• Requirement: The required output is a verbatim transcription of the listing, pictures excluded.

• Collected material:

========================================

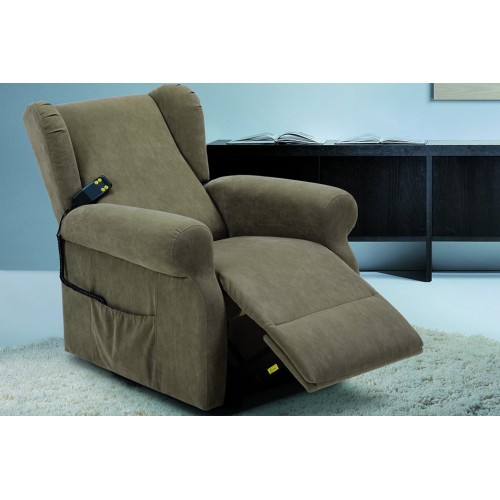 Bergè Extra Large Spazio Relax Fauteuil relevable relax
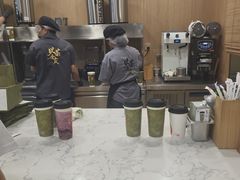 -霸王茶姬(南强街店)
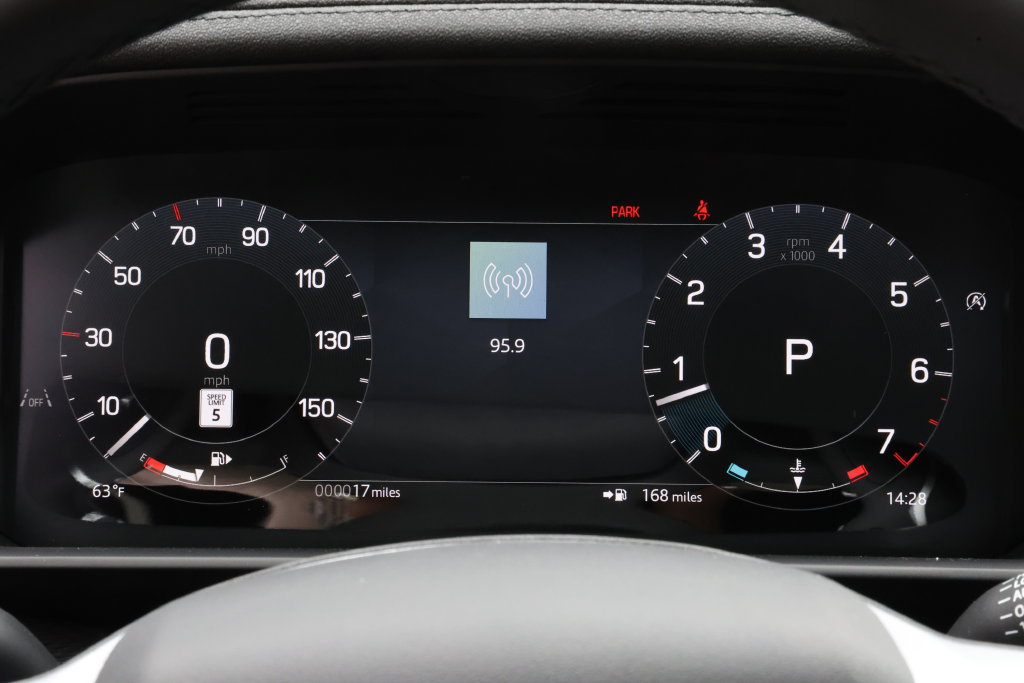 New 2026 Land Rover Discovery Dynamic SE AWD/4WD image 17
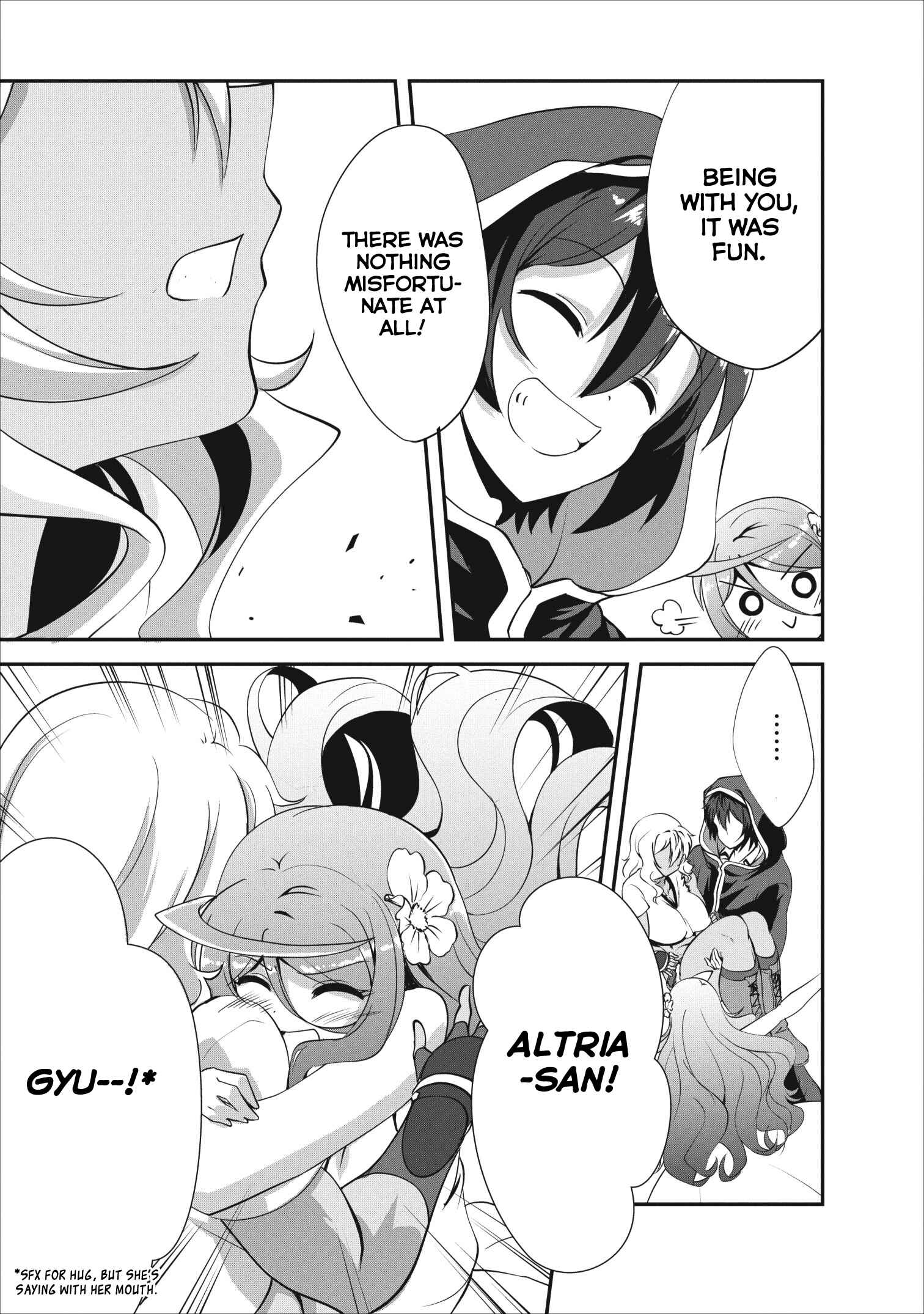 Page 9 Chapter 12 Shinka no Mi ~Shiranai Uchi ni Kachigumi Jinsei~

========================================

• Exercise solution:
 Bergè Extra Large Spazio Relax Fauteuil relevable relax
 -霸王茶姬(南强街店)
 New 2026 Land Rover Discovery Dynamic SE AWD/4WD image 17
 Page 9 Chapter 12 Shinka no Mi ~Shiranai Uchi ni Kachigumi Jinsei~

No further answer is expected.